I'm at the end...I don't like being at home anymore cause its always some sort of stressful situation that arises. I don't know how to be a step mom to these boys. My two children are not angels, but they have never given me this type of grief.


----------



## PrivateTalk (May 27, 2011)

I don't think that your hubby should co-sign for him, have his father explain why i.e. you didn't and don't attend school now why would I co-sign for you to skip out and leave me the bill?

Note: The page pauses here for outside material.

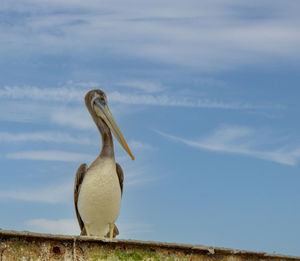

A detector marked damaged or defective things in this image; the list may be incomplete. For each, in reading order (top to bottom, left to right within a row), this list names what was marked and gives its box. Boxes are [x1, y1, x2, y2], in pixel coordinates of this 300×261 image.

rust stain on wall [0, 229, 300, 258]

also I'm guessing your from the states because at 18 here they are considered an adult and a cop pulling you over whould look at you like you were nuts wanting to call daddy to pick you up. I think that you should be charging for rent as this will also be a part of him proving he can handle paying on a school loan later on, but for now prove he can pay his bills by paying rent on time every month that way he can prove he is showing responsibility to debts owed and then you and hubby can decide if he's doing well with that then consider co-signing a school loan.

I think your doing fine, remember they aren't really kids anymore so just try to have a mature realationship they are adults now


----------